With a solid foundation, all that follows comes easily. A finally guarantees secrets are always removed from Wasm memory, and the rest is just about copying bytes around:

    def aead_lock(self, text, key, ad = b""):
        assert len(key) == 32
        try:
            macptr   = self._alloc(16)
            keyptr   = self._alloc(32)
            nonceptr = self._alloc(24)
            adptr    = self._alloc(len(ad))
            textptr  = self._alloc(len(text))

            self._write(key, keyptr)
            nonce = self.generate_nonce()
            self._write(nonce, nonceptr)
            self._write(ad,    adptr)
            self._write(text,  textptr)

            self._lock(
                textptr,
                macptr,
                keyptr,
                nonceptr,
                adptr, len(ad),
                textptr, len(text),
            )
            return (
                self._read(macptr, macptr+16),
                nonce,
                self._read(textptr, textptr+len(text)),
            )
        finally:
            self._reset()

And aead_unlock is basically the same in reverse, but throws if the box fails to unlock, perhaps due to tampering:

    def aead_unlock(self, text, mac, key, nonce, ad = b""):
        assert len(mac) == 16
        assert len(key) == 32
        assert len(nonce) == 24
        try:
            macptr   = self._alloc(16)
            keyptr   = self._alloc(32)
            nonceptr = self._alloc(24)
            adptr    = self._alloc(len(ad))
            textptr  = self._alloc(len(text))
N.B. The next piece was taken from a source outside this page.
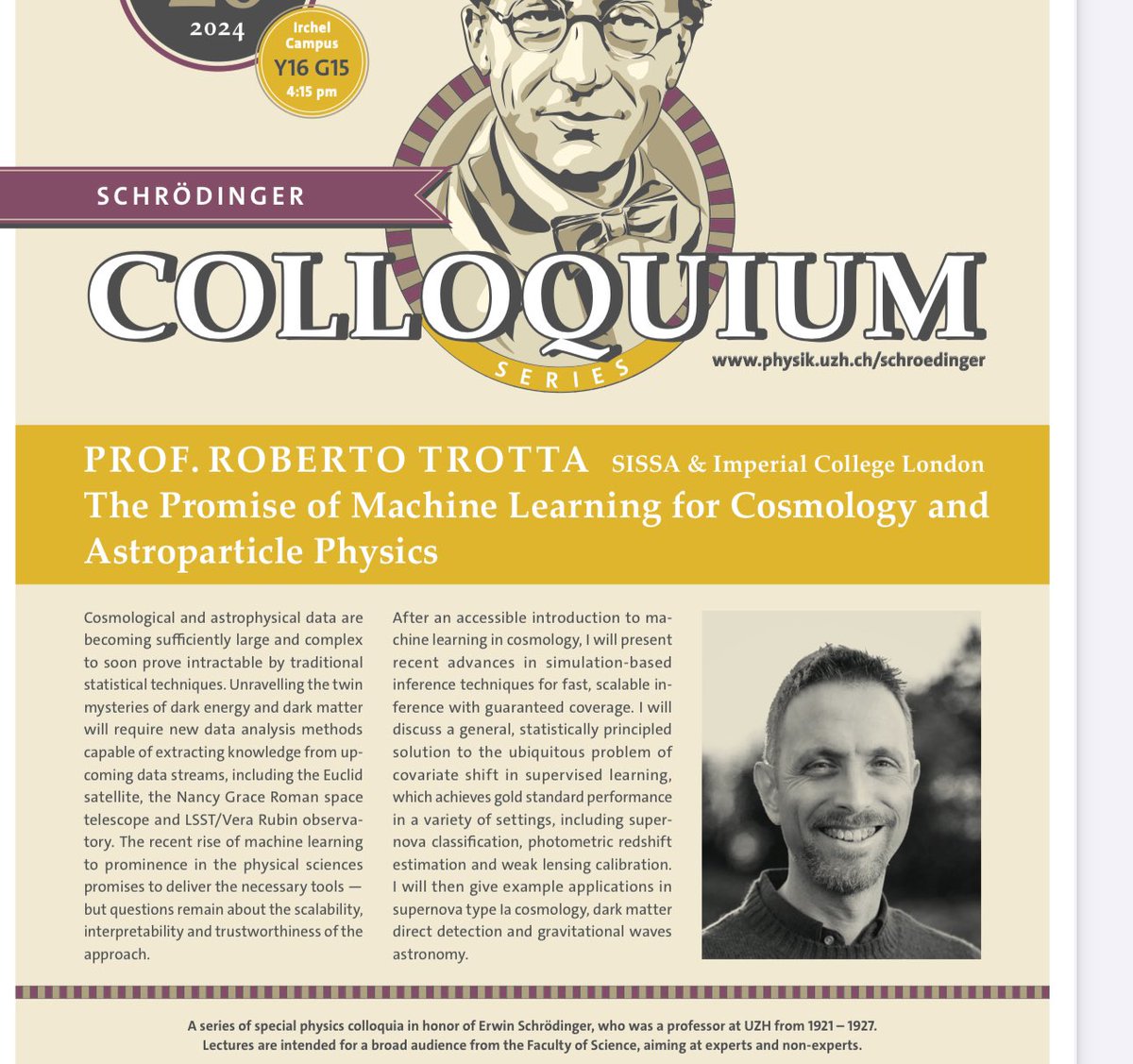 If you’re in Zurich, join us today for Prof. Roberto Trotta’s (@R_Trotta) talk on “The Promise of Machine Learning for Cosmology and Astroparticle Physics”! @UZHPhysics @UZH_Science  physik.uzh.ch/en/seminars/sc…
            self._write(mac, macptr)
            self._write(key, keyptr)
            self._write(nonce, nonceptr)
            self._write(ad, adptr)
            self._write(text, textptr)

            if self._unlock(
                textptr,
                macptr,
                keyptr,
                nonceptr,
                adptr, len(ad),
                textptr, len(text),
            ):
                raise ValueError("AEAD mismatch")
            return self._read(textptr, textptr+len(text))
        finally:
            self._reset()

Usage:

mc = Monocypher()
key = mc.generate_key()
message = "Hello, world!"
mac, nonce, encrypted = mc.aead_lock(message.encode(), key)

Transmit mac, nonce, and encrypted to the other party (or your future self), who already has the key:

decrypted = mc.aead_unlock(encrypted, mac, key, nonce)

Find the complete source in my scratch repository.

While I have a few reservations about wasmtime-py, it fascinates me how well this all works. It’s been my hammer in search of a nail for some time now.